* Exercise requirements
A faithful copy is needed of the lines below from the one with "Pat Metheny surrounded" up to and including the one with "A caregiver styling"; set it down with no pictures and no other lines.

++++ Data supplied ++++

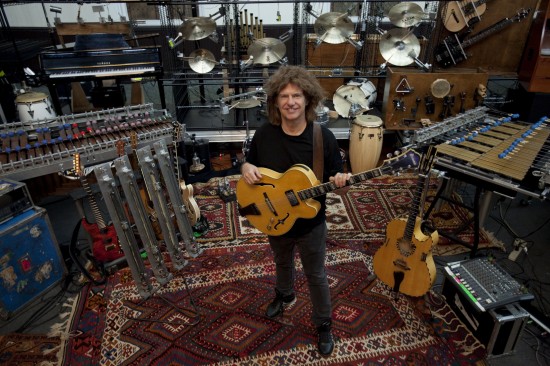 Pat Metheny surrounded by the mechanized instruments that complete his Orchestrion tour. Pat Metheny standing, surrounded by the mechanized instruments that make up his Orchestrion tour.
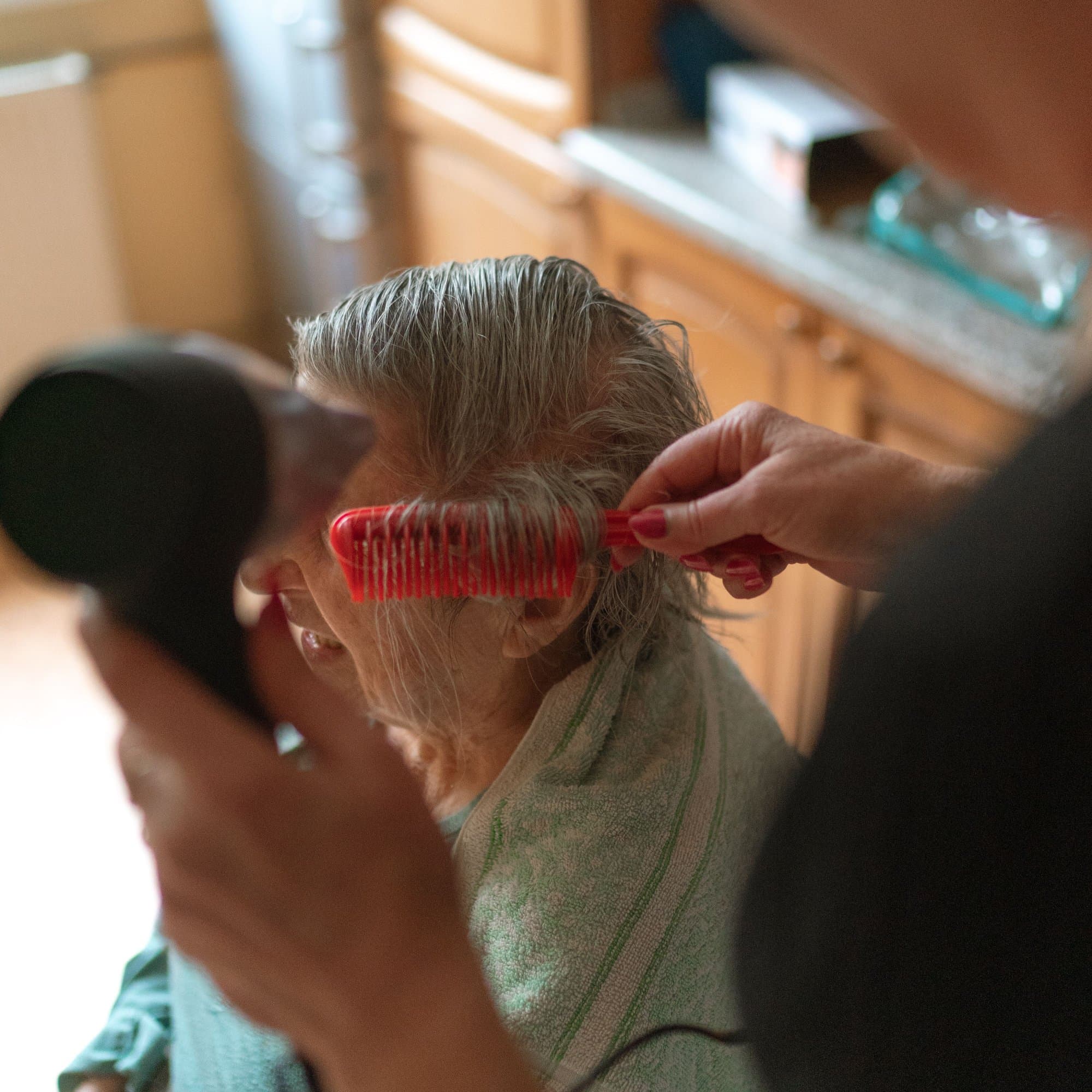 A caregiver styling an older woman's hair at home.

++++
++++ Data supplied ++++

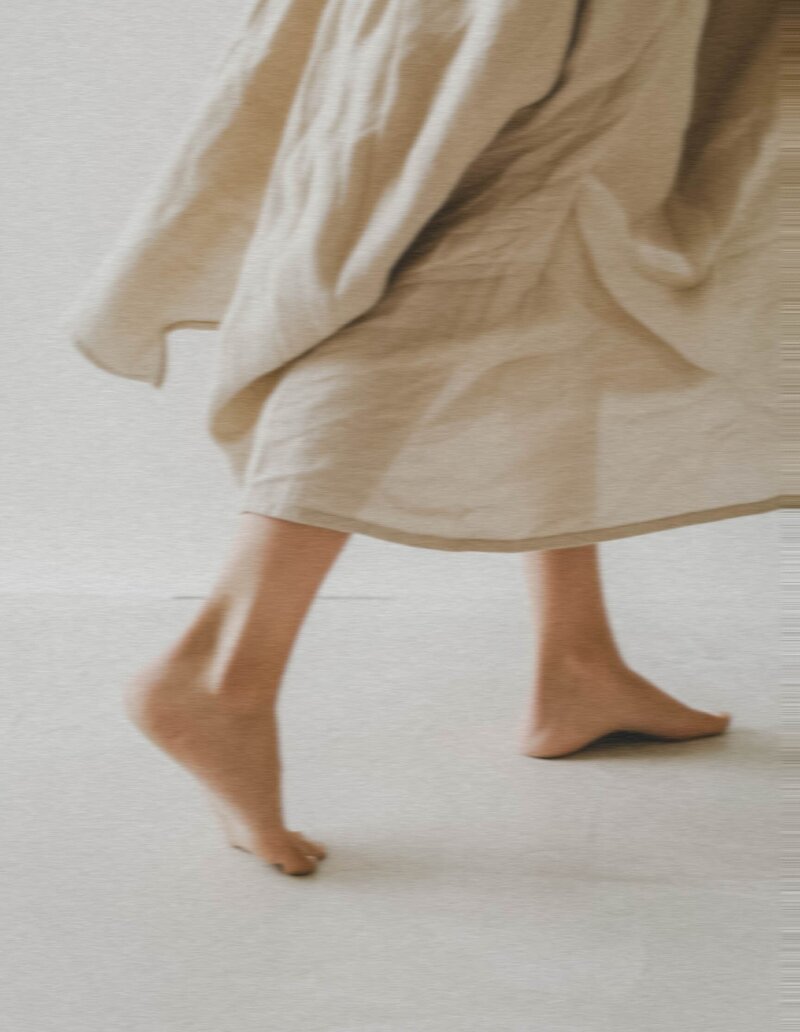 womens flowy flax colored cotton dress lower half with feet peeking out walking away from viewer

++++
++++ Data supplied ++++

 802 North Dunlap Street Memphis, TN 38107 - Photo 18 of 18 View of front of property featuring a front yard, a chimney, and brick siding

++++

* Answer space
 Pat Metheny surrounded by the mechanized instruments that complete his Orchestrion tour. Pat Metheny standing, surrounded by the mechanized instruments that make up his Orchestrion tour.
 A caregiver styling an older woman's hair at home.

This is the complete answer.